Monday, December 19, 2011

What is College For?

Last night I had a chance to meet up with some of my former students at a Christmas cocktail party. Amid all the talk of what's happened since I left Georgetown, we also revisited why these folks are putting themselves through the stress of this master's degree program and what they're hoping to get from it.

When you reach the master's degree level, particularly a "professional" master's degree like an MBA, a Master of Public Policy, or in this case, a Master of Professional Studies degree, the focus of the degree is generally more on professional development and advancement than it is on education for the sake of being educated (which is, to a large extent, the traditional purpose underlying a bachelor's degree, though for an ever-increasing number of students at that level, it's still about job training over education.). For Creatives, the Master of Arts degree that others might find "fuzzy" is often a professional degree; a master's in drama, studio art, or English can have a professional orientation if it feeds directly into your line of work.

But do Creatives really need that level of education?

Some do, of course. If you're hiring professors at a university they need their PhD. Scientific researchers generally need at least a master's if not a doctorate. Good policy designers typically have an advanced degree as well. But does everybody need that? For that matter, does everyone even need a bachelor's?

As you figure out the requirements for your workforce, don't fall into the trap of thinking you need college graduates, or even advanced degree holders, just because you think that's the conventional wisdom. Though there is a growing trend in this country to assume that people need a degree to get ahead, you need to decide if that's really true for you. Does creative work really require a formal degree, or are you more interested in talent? Should you look for the best portfolio rather than the most prestigious university on a resume? Are there certifications in your field that are more useful than a 4-year degree? Can an associate's degree from a community college give your Creatives the formal skills they need? Ask yourself: what is the advantage of hiring someone with a degree over someone with other qualifications?

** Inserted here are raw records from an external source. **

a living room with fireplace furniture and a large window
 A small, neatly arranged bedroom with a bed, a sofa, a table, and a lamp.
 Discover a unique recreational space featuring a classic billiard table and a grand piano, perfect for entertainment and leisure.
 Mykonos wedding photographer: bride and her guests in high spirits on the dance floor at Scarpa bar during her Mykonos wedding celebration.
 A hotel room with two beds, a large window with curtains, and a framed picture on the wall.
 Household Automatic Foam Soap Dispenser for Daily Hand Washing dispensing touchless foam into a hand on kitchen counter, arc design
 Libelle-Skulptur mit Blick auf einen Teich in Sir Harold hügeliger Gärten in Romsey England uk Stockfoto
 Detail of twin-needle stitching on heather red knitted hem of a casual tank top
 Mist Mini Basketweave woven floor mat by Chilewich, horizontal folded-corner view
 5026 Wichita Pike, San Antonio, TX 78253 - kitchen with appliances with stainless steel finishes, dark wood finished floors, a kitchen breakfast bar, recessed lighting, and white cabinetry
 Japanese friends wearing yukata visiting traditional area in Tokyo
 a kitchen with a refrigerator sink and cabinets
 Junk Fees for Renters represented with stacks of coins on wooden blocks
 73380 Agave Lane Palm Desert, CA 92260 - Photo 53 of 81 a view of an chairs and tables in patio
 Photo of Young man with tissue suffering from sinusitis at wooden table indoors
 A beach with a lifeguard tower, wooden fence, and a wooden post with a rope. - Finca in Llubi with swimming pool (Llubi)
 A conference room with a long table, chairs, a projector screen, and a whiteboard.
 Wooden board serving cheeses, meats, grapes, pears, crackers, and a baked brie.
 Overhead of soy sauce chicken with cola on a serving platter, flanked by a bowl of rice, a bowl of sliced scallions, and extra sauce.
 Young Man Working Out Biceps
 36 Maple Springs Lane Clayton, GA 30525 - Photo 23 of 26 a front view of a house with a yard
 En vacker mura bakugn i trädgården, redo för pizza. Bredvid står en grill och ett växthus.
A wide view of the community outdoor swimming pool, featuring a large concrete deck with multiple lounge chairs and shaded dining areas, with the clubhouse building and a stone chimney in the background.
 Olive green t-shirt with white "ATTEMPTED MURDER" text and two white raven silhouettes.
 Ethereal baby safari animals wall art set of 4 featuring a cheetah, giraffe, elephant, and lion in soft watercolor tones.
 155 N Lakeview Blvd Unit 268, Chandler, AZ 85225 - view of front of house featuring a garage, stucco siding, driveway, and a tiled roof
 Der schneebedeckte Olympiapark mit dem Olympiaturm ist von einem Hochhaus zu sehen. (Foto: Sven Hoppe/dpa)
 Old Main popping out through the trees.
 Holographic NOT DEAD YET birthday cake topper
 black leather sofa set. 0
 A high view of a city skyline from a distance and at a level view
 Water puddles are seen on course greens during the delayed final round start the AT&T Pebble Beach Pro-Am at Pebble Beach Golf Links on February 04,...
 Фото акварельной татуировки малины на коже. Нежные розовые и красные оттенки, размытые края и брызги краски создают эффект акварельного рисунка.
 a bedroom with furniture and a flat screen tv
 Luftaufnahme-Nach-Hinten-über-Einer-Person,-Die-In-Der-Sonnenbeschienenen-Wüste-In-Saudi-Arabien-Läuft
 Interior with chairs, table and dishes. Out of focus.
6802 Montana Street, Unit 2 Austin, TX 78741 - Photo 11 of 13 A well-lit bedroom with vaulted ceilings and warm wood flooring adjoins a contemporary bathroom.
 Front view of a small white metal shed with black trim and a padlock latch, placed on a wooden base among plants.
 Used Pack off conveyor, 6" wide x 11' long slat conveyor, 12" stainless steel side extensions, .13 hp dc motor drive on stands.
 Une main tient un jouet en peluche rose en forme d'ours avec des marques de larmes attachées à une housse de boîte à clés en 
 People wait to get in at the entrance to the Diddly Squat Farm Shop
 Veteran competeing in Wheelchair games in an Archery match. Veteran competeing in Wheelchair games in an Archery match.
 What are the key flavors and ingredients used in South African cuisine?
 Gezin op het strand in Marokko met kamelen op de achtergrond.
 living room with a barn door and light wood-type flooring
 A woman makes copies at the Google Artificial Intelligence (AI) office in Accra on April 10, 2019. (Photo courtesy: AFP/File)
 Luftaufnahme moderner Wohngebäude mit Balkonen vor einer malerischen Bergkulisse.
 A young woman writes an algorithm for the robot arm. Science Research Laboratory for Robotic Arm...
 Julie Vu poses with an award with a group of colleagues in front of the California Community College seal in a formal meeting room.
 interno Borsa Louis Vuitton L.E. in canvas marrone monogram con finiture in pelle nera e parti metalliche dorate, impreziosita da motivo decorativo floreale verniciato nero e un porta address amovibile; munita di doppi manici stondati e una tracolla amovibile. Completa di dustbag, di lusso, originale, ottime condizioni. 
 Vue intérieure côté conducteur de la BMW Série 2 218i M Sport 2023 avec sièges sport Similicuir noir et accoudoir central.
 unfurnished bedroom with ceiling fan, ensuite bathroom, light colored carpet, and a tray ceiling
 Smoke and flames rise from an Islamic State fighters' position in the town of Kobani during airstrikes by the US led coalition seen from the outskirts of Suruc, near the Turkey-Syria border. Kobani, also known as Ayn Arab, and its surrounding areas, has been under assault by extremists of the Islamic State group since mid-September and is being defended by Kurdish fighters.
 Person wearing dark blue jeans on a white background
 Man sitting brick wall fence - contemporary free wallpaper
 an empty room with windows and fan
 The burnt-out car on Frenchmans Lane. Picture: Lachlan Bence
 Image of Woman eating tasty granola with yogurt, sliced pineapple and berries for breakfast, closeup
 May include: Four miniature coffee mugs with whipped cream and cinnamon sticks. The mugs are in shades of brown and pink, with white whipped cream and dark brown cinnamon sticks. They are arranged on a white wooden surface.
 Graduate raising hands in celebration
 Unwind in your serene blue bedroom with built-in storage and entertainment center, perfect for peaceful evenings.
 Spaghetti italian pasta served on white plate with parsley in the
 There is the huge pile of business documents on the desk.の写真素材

This isn't to say that a bachelor's degree doesn't carry some benefit in every line of work. A broad, liberal education exposes your Creatives to more viewpoints and opens their eyes to the world. It helps them develop different ways of thinking that can be appropriate in different situations; that's why engineers take economics and English majors take biology. There's something to be said for the demonstrated discipline of starting an intense program and seeing it through to the end. You just need to figure out what's really important for your firm, and hire accordingly. Does the cost associated with getting a degree translate into an appropriate benefit? Should you require a degree? Or should you focus your attention on other things?

Don't get the impression I'm anti-college; after 8 years in the front of a university classroom, I'm certainly not. What I'm opposed to, though, is the view of college merely as job training, or the idea that you have to go "just because." Those ideas are both being promulgated by employers, and in the process of requiring people to get degrees when the career field doesn't really call for them, they end up forcing more people to go into debt for degrees they don't really need, they cause our university populations to grow to sizes that hurt our ability to educate, and they encourage the growth of less-than-academically-stellar for-profit "colleges" that take money from students without helping them gain the tools they need to succeed. As long as employers demand their Creatives have college degrees when they don't really need them, these trends will continue, while those same employers will find themselves with a workforce that makes more demands in terms of compensation to help pay the price for that degree. Take the time instead to figure out what you really need from your Creatives, and build your workforce around that.